Cross-Site Request Forgery

A typical Cross-Site Request Forgery (CSRF or XSRF) attack aims to perform an operation in a web application on behalf of a user without their explicit consent. In general, it doesn't directly steal the user's identity, but it exploits the user to carry out an action without their will. For example, it can lead the user to change their email address or password in their profile or even perform a money transfer.

In a nutshell, a typical CSRF attack happens as follows:

1. The attacker leads the user to perform an action, like visiting a web page, clicking a link, or similar.

2. This action sends an HTTP request to a website on behalf of the user.

3. If the user has an active authenticated session on the trusted website, the request is processed as a legitimate request sent by the user.
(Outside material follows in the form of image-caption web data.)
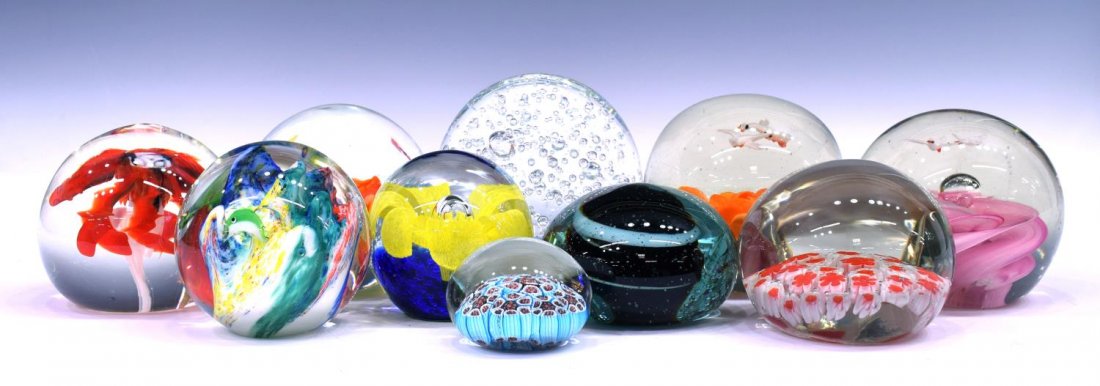 (10) COLLECTION OF ART GLASS PAPERWEIGHTS: (lot of 10) Collection of art glass paperweights, highlights include floral with bird and butterfly designs, millefiori, bubbles, and more, largest: 4.25"h, 14lbs Start Price: $50.00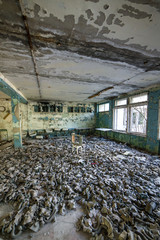 Gas masks on the floor in the middle school in Pripyat, Chernobyl exclusion zone. Nuclear catastrophe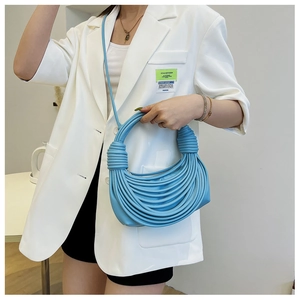 Dettaglio di borsa a tracolla blu intrecciata con design a corda tenuta da modella
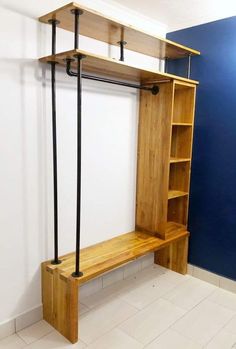 a wooden shelf sitting next to a blue wall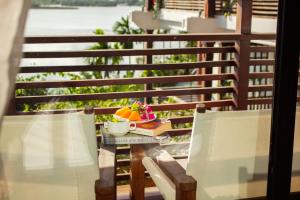 a table with a bowl of fruit on a balcony at Nghê Prana Villa & Spa Hoi An in Hoi An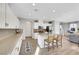 Bright kitchen featuring a large island with seating and stainless steel appliances at 632 Loyalty Ct, Henderson, NV 89011
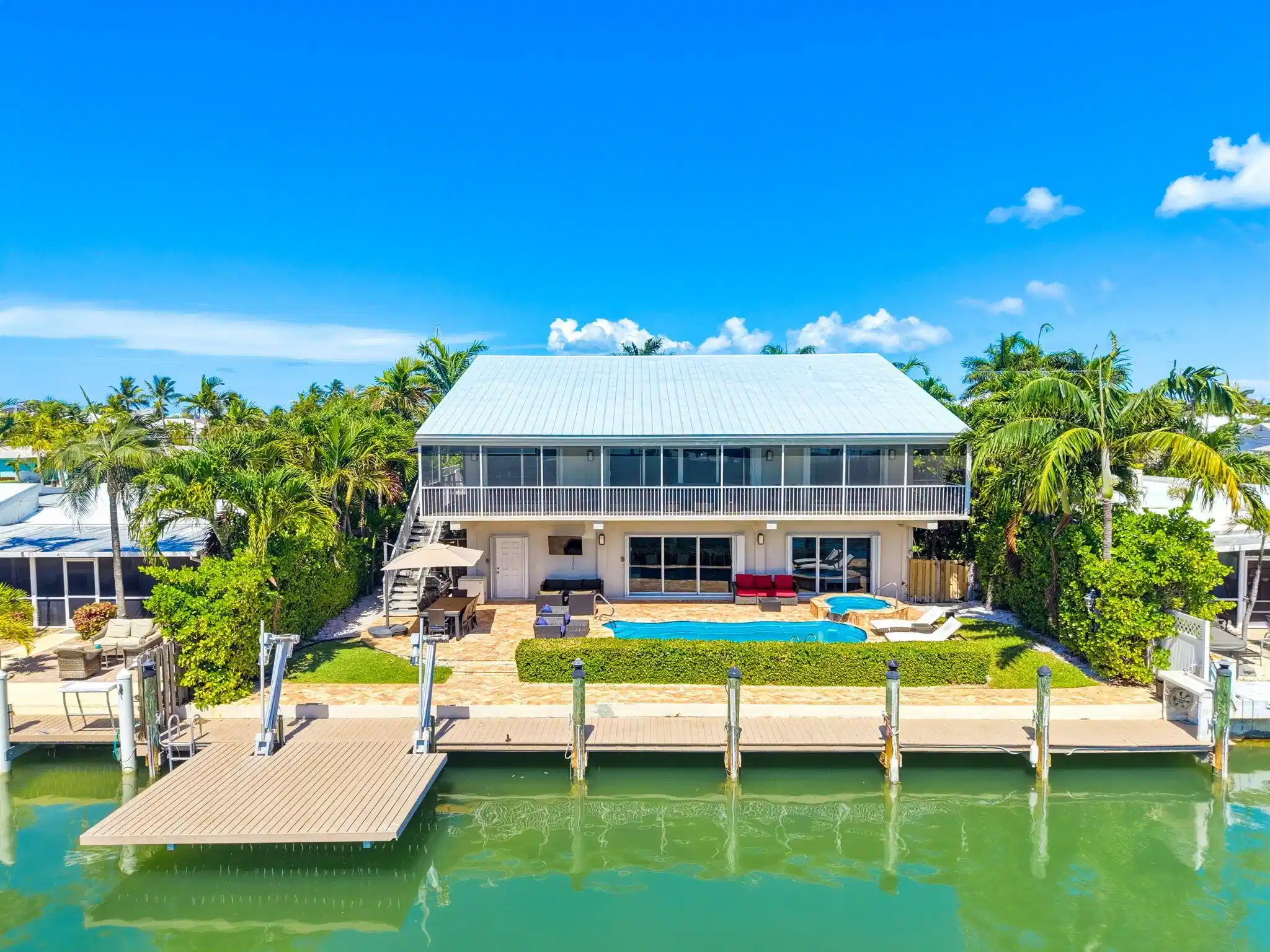 Image 1: Canal-Front Home with Boat Lift & Pool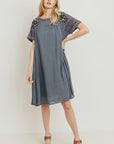 Boho dresses for women. Grey loose fit with embroidery at sleeves, neckline, and yoke.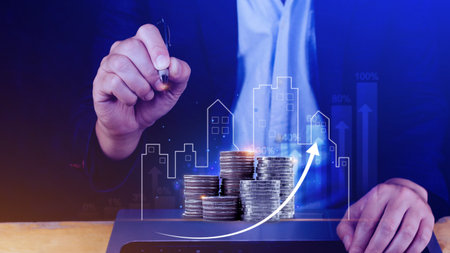 Real estate investment marketing analysis, Stack of coins with graph of business growth, Planning to...
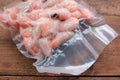 Boiled and frozen shrimps in vacuum transparent plastic packaging bag on wooden background. Royalty Free Stock Photo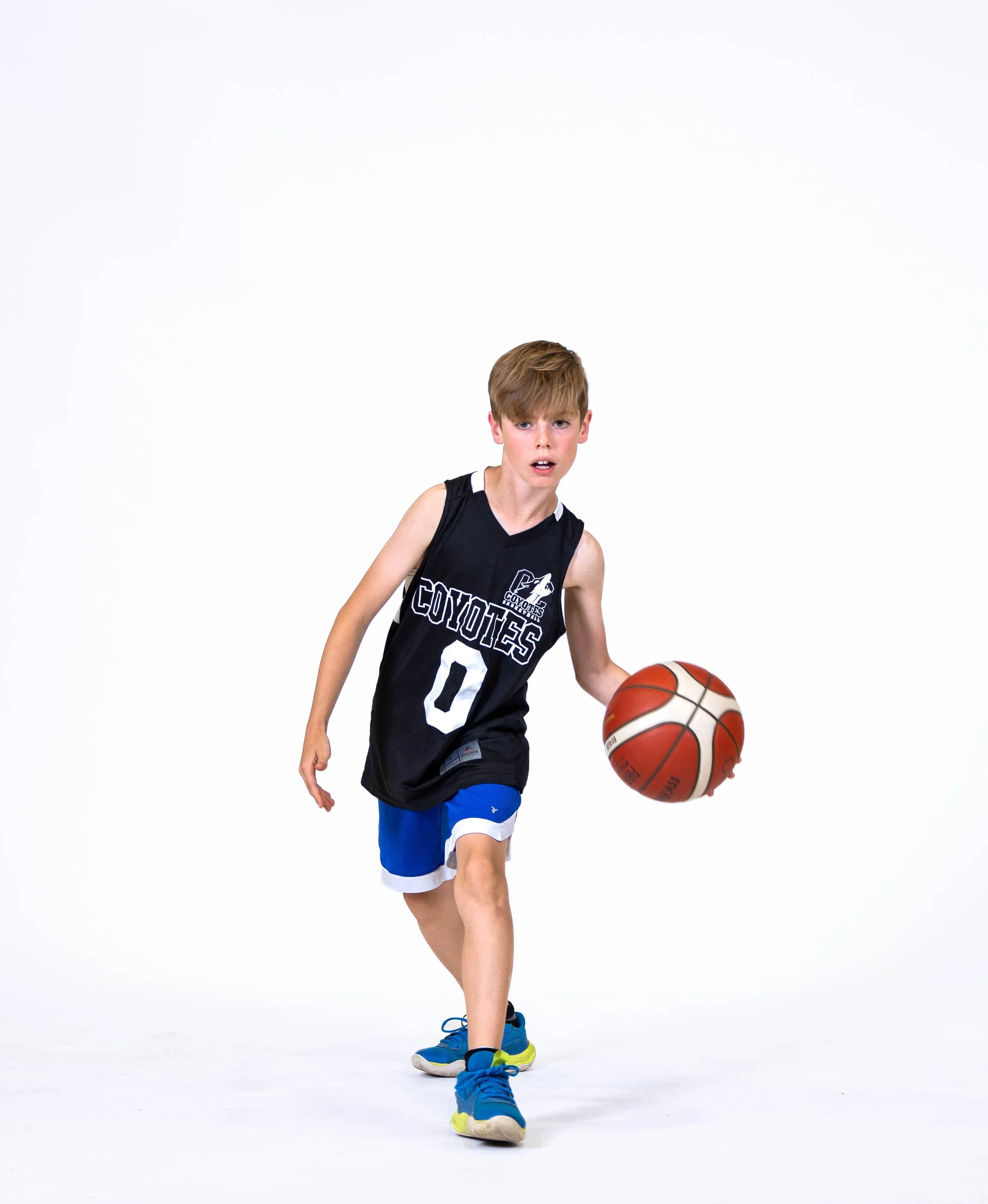 A young boy in a black basketball uniform dribbling an orange basketball with white and black lines on a white background.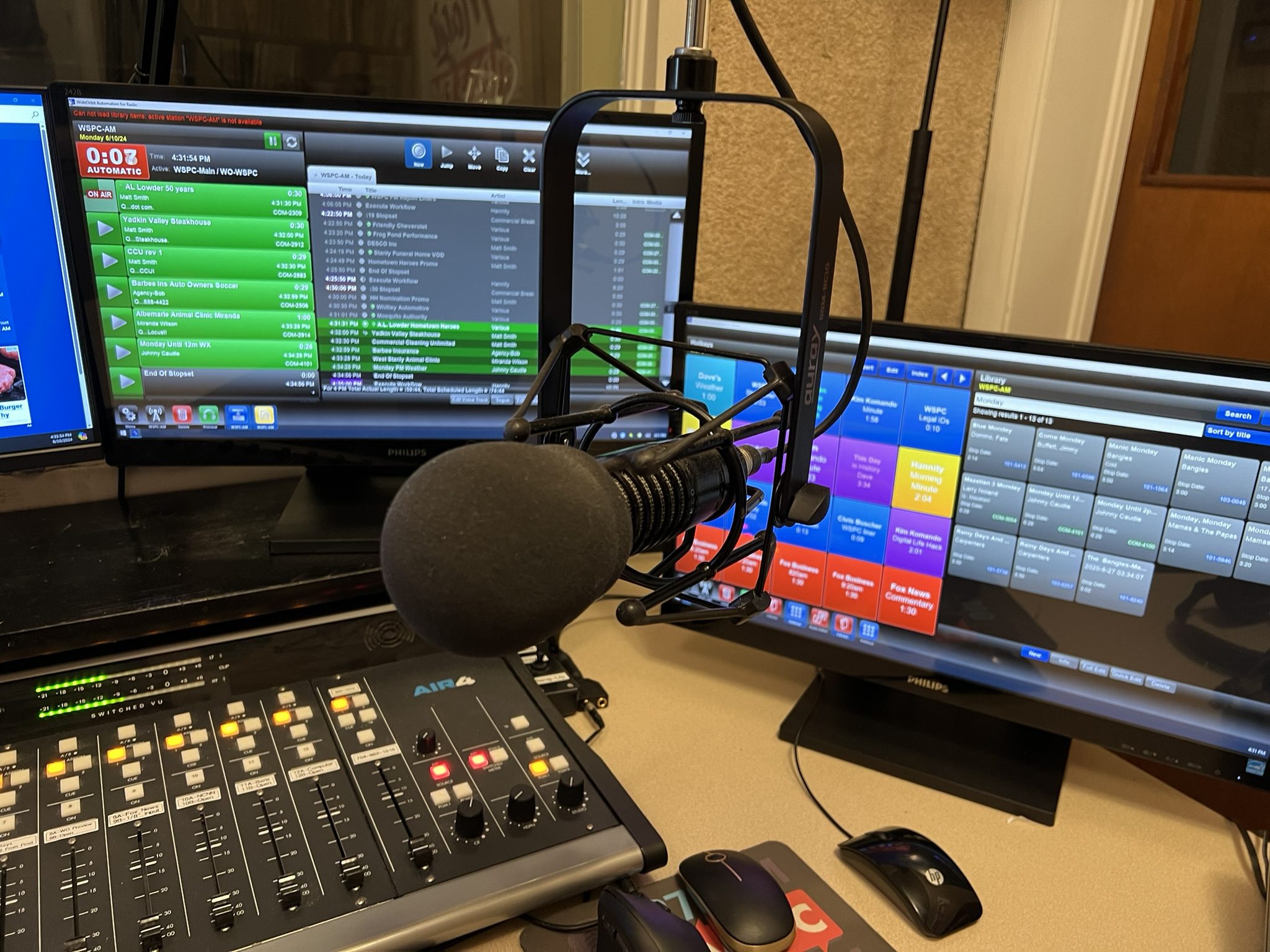 Radio Station Microphone With Laptops And Screens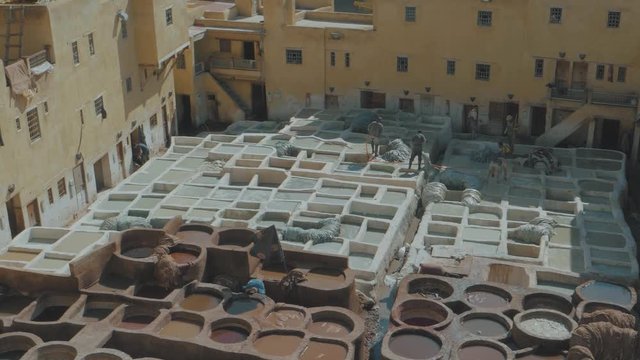 Overlooking the famous Tannery in Fez, Morocco with stone vessels filled with a colorful dyes as a historical tradition to dye materials panning through a metal fence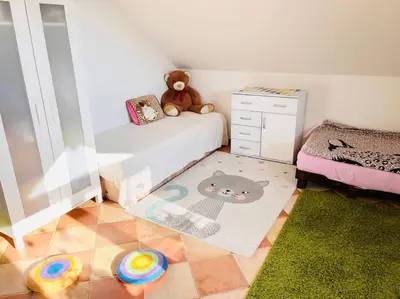 a small bedroom with a bed and a teddy bear at Apartmán se zahradou 20 minut do centra Prahy in Ořech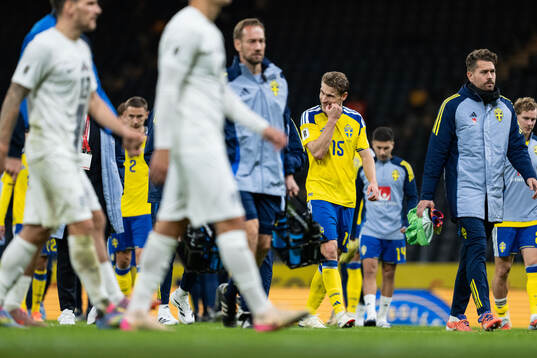 Carl Starfelt of Sweden looks dejected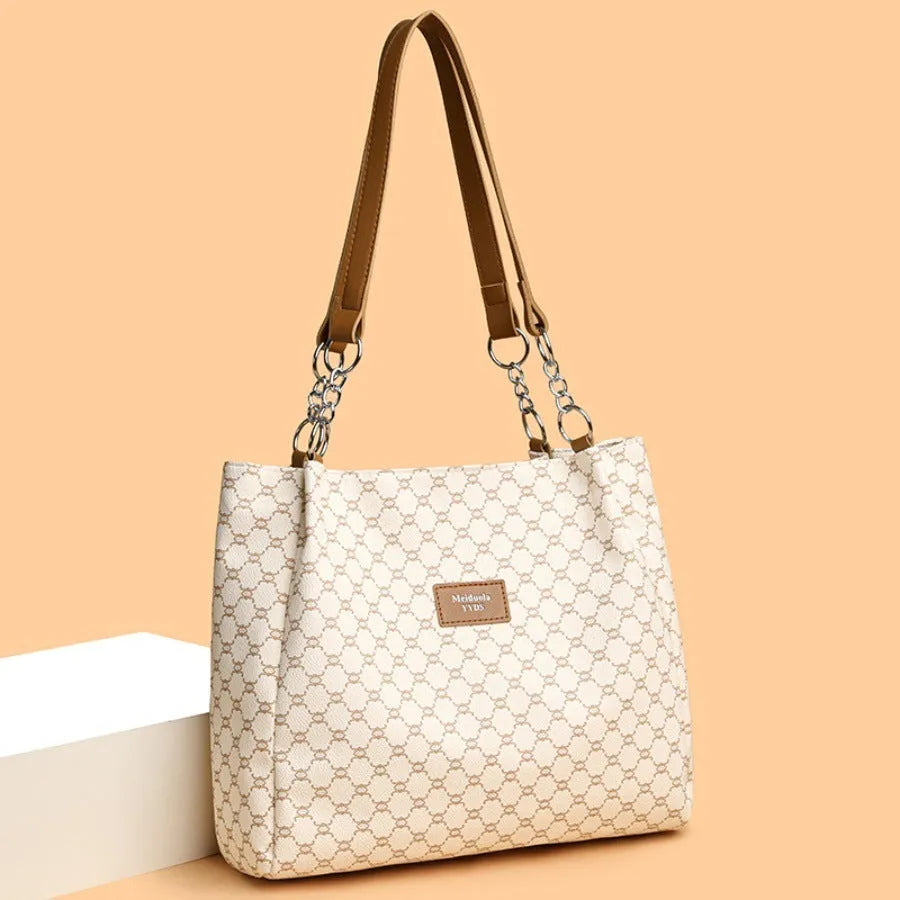 Women's retro fashion handbag in soft brown PU leather with polyester lining.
As you can see, having the website affected by a CSRF vulnerability is not enough to make the attack successful. The user must also have an active session on the website.

CSRF Defenses Strategies

1. Making sure that the request you're receiving is valid, i.e., it comes from a form generated by the server.

2. Making sure that the request comes from a legitimate client.

The typical approach to validate requests is using a CSRF token, sometimes also called anti-CSRF token. A CSRF token is a value proving that you're sending a request from a form or a link generated by the server. In other words, when the server sends a form to the client, it attaches a unique random value (the CSRF token) to it that the client needs to send back. When the server receives the request from that form, it compares the received token value with the previously generated value. If they match, it assumes that the request is valid.